The anti-abortionists believe that abortion should be outlawed because it is Wrong. Again, this is your quintessential theocratic viewpoint. The real question is whether abortion harms our society operationally. Preventing me from controlling my own body and life is to impose your anti-abortion beliefs on me. On the other hand, allowing people to control their own bodies and lives is not “imposing” anything on the anti-abortionists, other than the existence of behavior in their society of which they morally disapprove. Sorry guys—no one ever said democracy means you could outlaw everything your religion doesn’t like.

First the Catholics said that voting for John Kerry would be a sin. Now they’re taking the ridiculous faux-symmetry position that if their opponents are going to stand up in favor of some human right, then it’s OK for them to inject religious tenets into the political debate to deny people that right.

Let them just tend to the spiritual needs of their flocks instead. If they continue to insist that being true to your beliefs requires forcing others to abide by your moral standards, ship them to Iran.

And as in all the anti-Kerry Catholic diatribes in this election, of course, we find no mention of capital punishment or killing innocent civilians in unjustified wars in our friendly vicar’s “pro-life” screed.

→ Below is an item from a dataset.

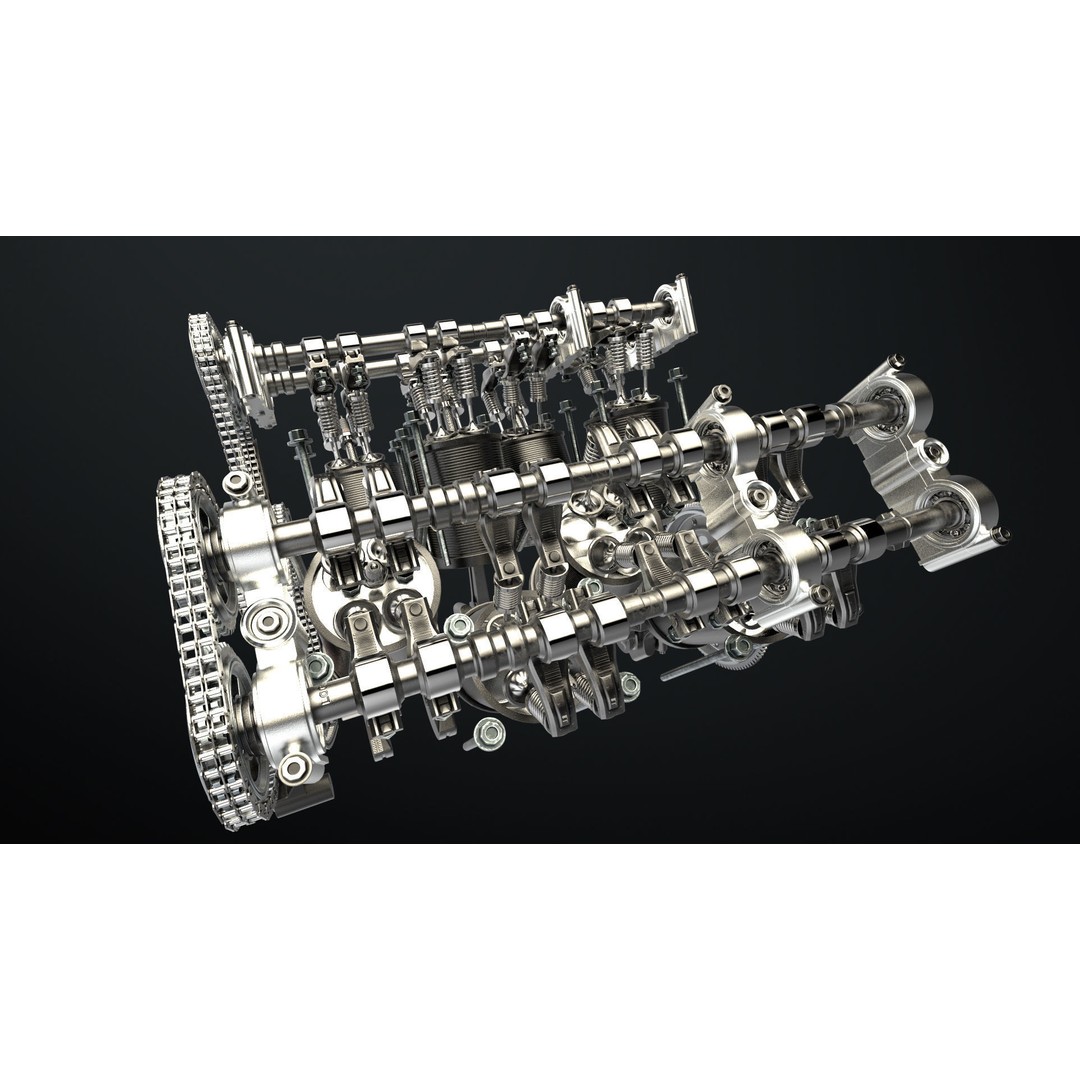 W8 Engine 3D Model – Animated Rigged Vehicle Part, PBR Textures - View 21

TSA rules on taking off your shoes at security checkpoints

Thursday, October 14th, 2004

When we were flying back from Maui to LA, the screener asked me to take off my tennis shoes. I asked why, and he said “because they fit the profile”; when I asked what the profile was, he responded “shoes like those.”

I went ahead and took them off and put them through the machine even though just five days earlier no one at LAX had asked me to take them off. On the other side of the screening device, I asked a different screener why I had needed to take off my shoes. She said they fit the profile of a heel taller than 1” (which they didn’t). I mentioned I had not been asked to take them off at LAX and her response was that LAX should have made me take them off. I told her that I thought the most recent TSA directive on shoes was that passengers got to decide whether to take them off or not, and she told me I was wrong. She mentioned that I could refuse to take off my shoes if I wanted, but then I would be automatically sent to the special frisking area where they would make me take them off anyway.

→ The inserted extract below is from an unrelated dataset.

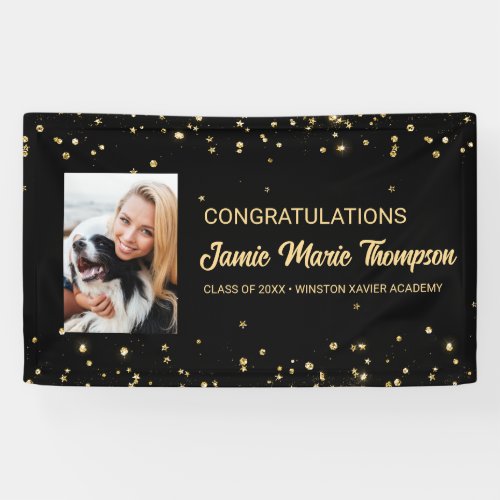 Congratulations graduate Photo gold confetti  Banner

Hmmm. Problem is, the TSA’s official site says that I was right: passengers are allowed to decide whether to take off their shoes. The 1” rule is apparently only a guideline concerning when TSA personnel should recommend that people take off their shoes. Granted, this policy is very hard to parse.

Rhetorical question: If the TSA cannot get its policies on shoe removal right, and train its people properly, how well do you think really important policies on detecting terrorists at checkpoints are being defined and implemented?